[Image-text web data]
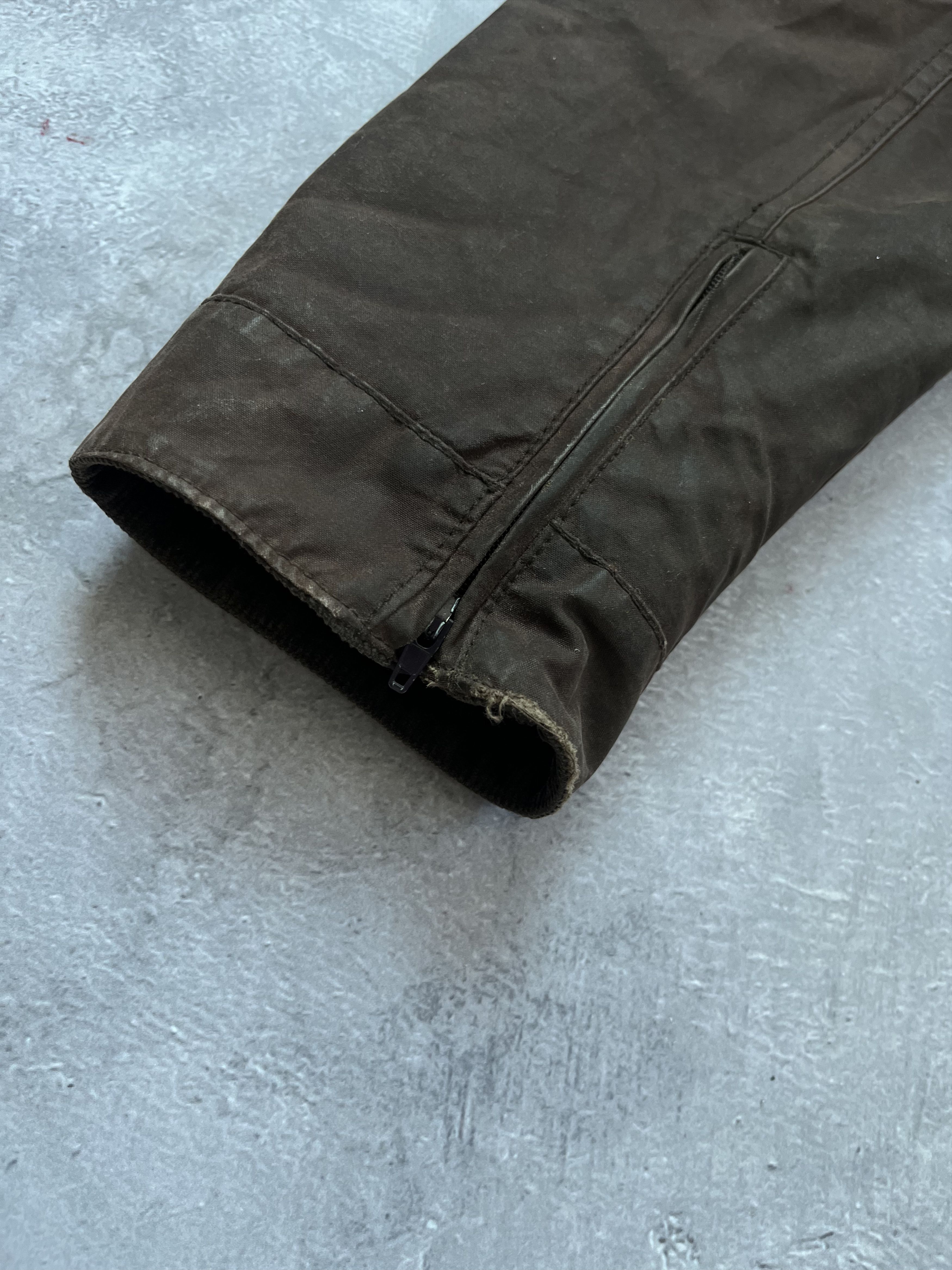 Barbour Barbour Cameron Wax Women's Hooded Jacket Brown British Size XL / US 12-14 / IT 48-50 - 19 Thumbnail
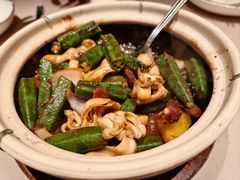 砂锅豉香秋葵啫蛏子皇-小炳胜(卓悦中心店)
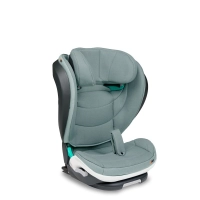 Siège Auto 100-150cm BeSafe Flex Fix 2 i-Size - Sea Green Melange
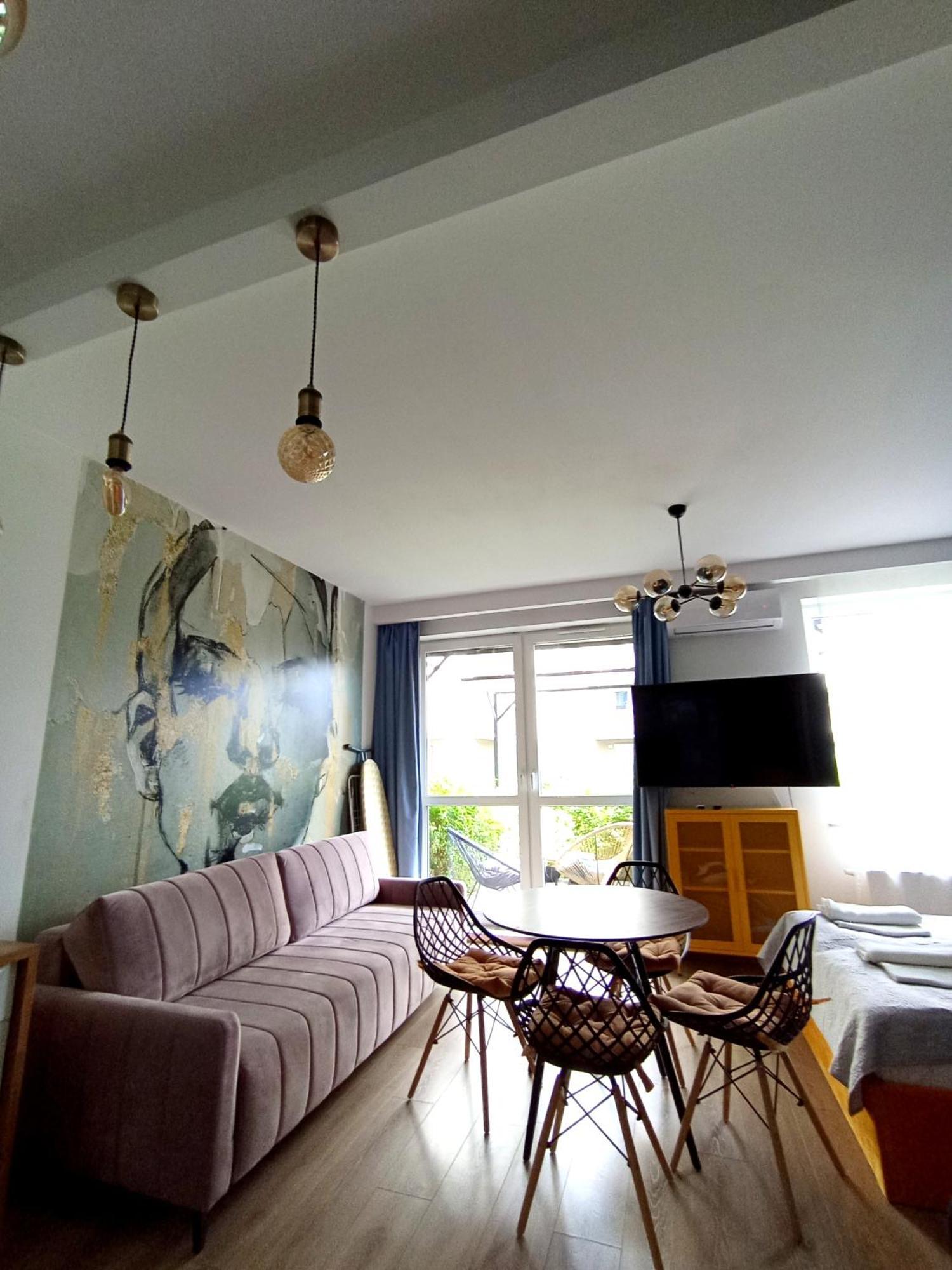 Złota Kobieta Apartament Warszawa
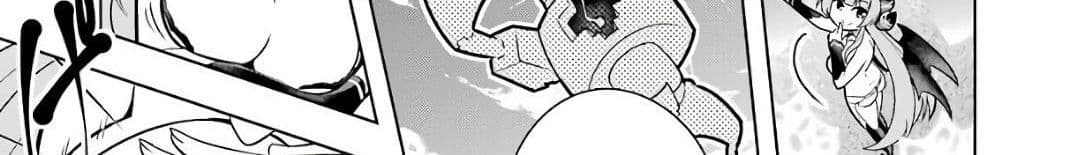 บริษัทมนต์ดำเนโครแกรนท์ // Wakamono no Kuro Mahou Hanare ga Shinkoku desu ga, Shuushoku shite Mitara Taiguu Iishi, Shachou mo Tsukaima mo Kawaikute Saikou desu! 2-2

**TRY IT**. Only the lines from the one containing "Siège Auto 100-150cm" through the final line of the data are to be written out, exactly as they stand and without pictures.

**REPLY TO THE EXERCISE**.
 Siège Auto 100-150cm BeSafe Flex Fix 2 i-Size - Sea Green Melange
 Złota Kobieta Apartament Warszawa
 บริษัทมนต์ดำเนโครแกรนท์ // Wakamono no Kuro Mahou Hanare ga Shinkoku desu ga, Shuushoku shite Mitara Taiguu Iishi, Shachou mo Tsukaima mo Kawaikute Saikou desu! 2-2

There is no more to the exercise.